Technology holds the key to achieving the government’s goals of reducing carbon dioxide emissions and oil imports by 10 per cent and introducing BS-VI-compliant fuel across the country, according to Dharmendra Pradhan, Oil Minister.

“To reduce carbon dioxide emissions and oil imports, to be more energy efficient and to introduce BS-VI fuel, technology is a major way to do it,” Mr.Pradhan said inaugurating Honeywell UOP’s Recycle Hydrocracker Pilot Plant at Gurugram on Monday.

New facility The facility is used to mimic a full-scale refinery’s functioning on a smaller scale, thus allowing tests and new methods to be developed at a lower cost. “This pilot plant emulates a refinery unit,” Anant Maheshwari, President, Honeywell India told The Hindu. “A refinery plant can be anywhere between tens to hundreds of millions of dollars of investment. The pilot plant that we are doing here, with the same amount of precision, is about a $5 million investment.”

The plant could prove particularly useful at a time when the country is looking to transition to less polluting fuel. The country has been running on BS-III fuel since 2010 with BS-IV currently being used inmajor cities.

BS-VI deadline The Ministry of Petroleum and Natural Gas has set a deadline of 2017 by which time all the vehicles in the country must be BS-IV-compliant and 2020 for the rollout of BS-VI fuel.

“If we were looking at a new process or catalyst for BS-VI and low-sulphur diesel, we can do the testing here,” Steven Gimre, Managing Director, UOP India said. “We can partner with companies here and they can provide us feedstock. So, if they want to know if their feedstock can meet product specifications, then they can send it to us and we can test it.”

Key clients “IOCL, BPCL, HPCL are our key clients,” Mr. Gimre said.

“IOCL is one of our biggest customers as a company and is one of the biggest refiners in the country.”

Regarding the direct transition to BS-VI and the leapfrogging of BS-V — something car companies have pointed out as being a significant jump and difficult to implement — Mr.
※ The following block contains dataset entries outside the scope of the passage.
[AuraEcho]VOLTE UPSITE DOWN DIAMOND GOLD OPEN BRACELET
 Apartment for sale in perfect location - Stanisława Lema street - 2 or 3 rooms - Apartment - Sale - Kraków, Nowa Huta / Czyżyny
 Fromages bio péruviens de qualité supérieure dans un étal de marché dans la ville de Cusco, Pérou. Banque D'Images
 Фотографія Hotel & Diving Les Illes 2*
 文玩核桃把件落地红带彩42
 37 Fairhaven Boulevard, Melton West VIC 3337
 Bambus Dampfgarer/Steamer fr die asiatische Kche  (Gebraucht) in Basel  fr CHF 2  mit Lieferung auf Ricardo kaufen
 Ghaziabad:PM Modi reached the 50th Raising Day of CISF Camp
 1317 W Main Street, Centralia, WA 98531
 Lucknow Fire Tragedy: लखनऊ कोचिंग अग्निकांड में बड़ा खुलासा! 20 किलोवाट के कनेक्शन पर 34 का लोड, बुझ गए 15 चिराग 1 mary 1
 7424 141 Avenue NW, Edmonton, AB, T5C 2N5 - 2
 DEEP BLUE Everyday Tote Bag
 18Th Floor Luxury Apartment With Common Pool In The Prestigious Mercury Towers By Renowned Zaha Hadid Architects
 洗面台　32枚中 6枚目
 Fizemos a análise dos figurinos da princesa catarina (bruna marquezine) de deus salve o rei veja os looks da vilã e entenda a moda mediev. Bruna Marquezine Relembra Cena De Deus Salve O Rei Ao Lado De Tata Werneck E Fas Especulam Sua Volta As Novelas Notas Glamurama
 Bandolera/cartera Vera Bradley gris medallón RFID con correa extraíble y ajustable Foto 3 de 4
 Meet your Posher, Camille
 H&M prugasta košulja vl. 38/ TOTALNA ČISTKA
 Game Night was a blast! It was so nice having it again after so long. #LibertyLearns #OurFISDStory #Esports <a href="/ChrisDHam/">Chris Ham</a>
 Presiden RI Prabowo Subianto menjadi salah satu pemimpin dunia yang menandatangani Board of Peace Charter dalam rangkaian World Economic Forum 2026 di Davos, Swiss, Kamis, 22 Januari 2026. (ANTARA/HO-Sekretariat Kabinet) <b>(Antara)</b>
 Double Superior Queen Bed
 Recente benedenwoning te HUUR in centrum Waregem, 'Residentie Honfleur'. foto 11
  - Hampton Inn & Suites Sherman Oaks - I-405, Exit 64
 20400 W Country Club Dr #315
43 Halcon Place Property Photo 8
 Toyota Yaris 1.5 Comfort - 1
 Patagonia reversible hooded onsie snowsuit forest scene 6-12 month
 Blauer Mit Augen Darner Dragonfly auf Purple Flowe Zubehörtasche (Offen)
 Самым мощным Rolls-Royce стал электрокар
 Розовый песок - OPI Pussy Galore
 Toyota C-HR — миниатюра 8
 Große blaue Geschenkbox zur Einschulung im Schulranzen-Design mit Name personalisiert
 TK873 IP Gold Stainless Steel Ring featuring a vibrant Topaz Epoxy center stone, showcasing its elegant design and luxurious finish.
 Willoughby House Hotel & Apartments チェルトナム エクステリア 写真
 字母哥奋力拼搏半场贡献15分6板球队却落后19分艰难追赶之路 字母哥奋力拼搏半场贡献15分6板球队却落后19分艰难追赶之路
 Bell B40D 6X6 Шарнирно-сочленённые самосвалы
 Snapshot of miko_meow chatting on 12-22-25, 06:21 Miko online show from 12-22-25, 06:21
Gimre said the technology was available since it had already been implemented in Europe.

“From a technology standpoint, the (BS-VI) solutions are there,” he said.

“For our customers, it is a matter of them deciding what to do in each refinery, how to apply the technology in each specific case.”

Growing usage Hydrocarbon usage in the country is growing rapidly and it is imperative that technology moves apace to ensure the damage to the environment is limited, Oil Minister Dharmendra Pradhan said.